France's disabilities minister will not face a new inquiry "as things stand" over a rape allegation that surfaced just after his nomination by President Emmanuel Macron last week, prosecutors have said, citing the anonymity of the alleged victim.

Prosecutors: No new rape inquiry for France's disabilities minister

Damien Abad has faced growing pressure to resign after the news website Mediapart reported the assault claims by two women dating from over a decade ago, which he has denied.

One of the women, identified only by her first name, Margaux, filed a rape complaint in 2017 that was later dismissed by prosecutors.

The other woman, known only as Chloe, told Mediapart that in 2010 she had blacked out after accepting a glass of champagne from Abad at a bar in Paris, and woke up in her underwear in pain with him in a hotel room.
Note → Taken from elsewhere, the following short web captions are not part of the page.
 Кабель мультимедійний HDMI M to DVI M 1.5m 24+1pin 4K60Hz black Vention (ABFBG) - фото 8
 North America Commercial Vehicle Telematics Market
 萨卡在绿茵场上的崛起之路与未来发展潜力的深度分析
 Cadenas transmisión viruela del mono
She believes she may have been drugged.

She did not file an official complaint, but the Paris prosecutors’ office said it was looking into the case after being informed by the Observatory of Sexist and Sexual Violence in Politics, a group formed by members of France’s MeToo movement.

“As things stand, the Paris prosecutors’ office is not following up on the letter” from the observatory, it said, citing “the inability to identify the victim of the alleged acts and therefore the impossibility of proceeding to a hearing.”
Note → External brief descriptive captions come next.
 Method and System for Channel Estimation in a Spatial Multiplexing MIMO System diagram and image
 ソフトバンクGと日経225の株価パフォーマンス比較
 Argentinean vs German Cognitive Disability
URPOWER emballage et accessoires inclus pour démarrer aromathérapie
In cases of sexual assault against adults, Paris prosecutors can open an inquiry only if an official complaint is made, meaning the victim must give their identity.
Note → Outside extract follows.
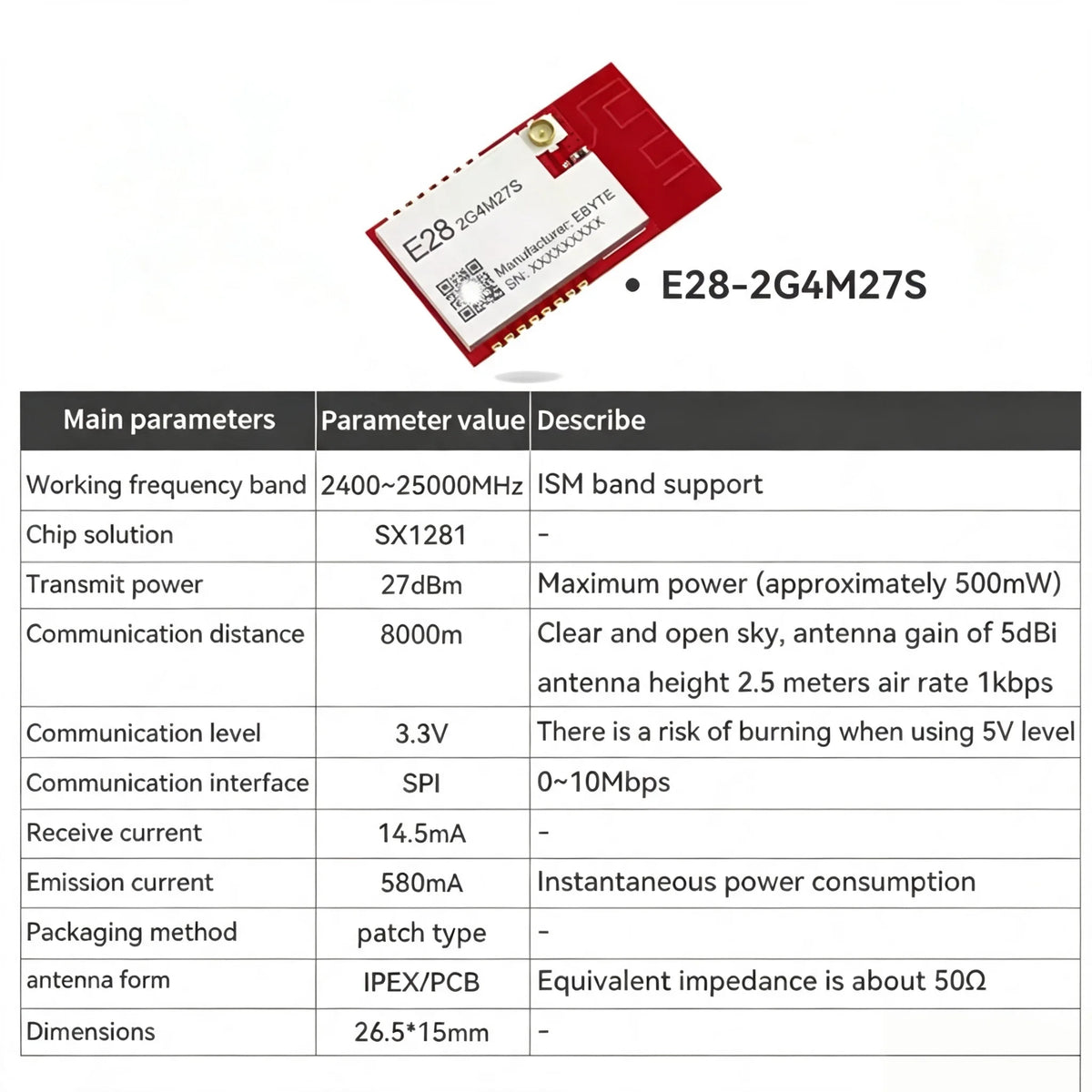 SX1281 E28-2G4M27S E28-2G4M27SX LoRa Spread Spectrum Module EBYTE E28 Series SPI Wireless RF Module 2.4G 20dBm SMD Module 6km
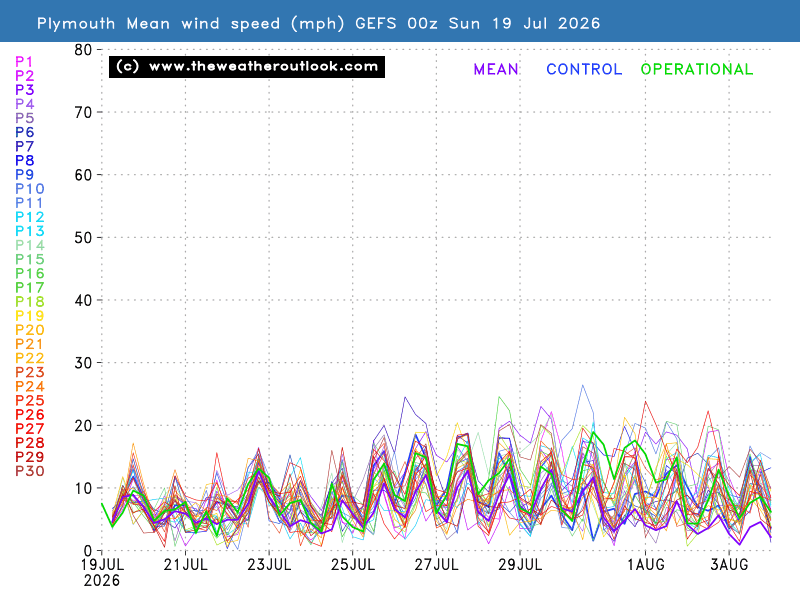 Mean wind speed chart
Abad has rejected the calls to resign in order to ensure the new government’s “exemplarity,” saying that he is innocent and that his own condition of arthrogryposis, which limits the movement of his joints, means sexual relations can occur only with the help of a partner.

The appointment of Abad as minister for solidarities and people with disabilities in a reshuffle last Friday was seen as a major coup for Macron, as the 42-year-old had defected from the right-wing opposition.

The new prime minister, Elisabeth Borne, said she was unaware of the allegations before Abad’s nomination, but insisted that “If there is new information, if a new complaint is filed, we will draw all the consequences.”

The claims could loom large over parliamentary elections next month, when Macron is hoping to secure a solid majority for his reformist agenda. Abad will be standing for re-election in the Ain department north of Lyon.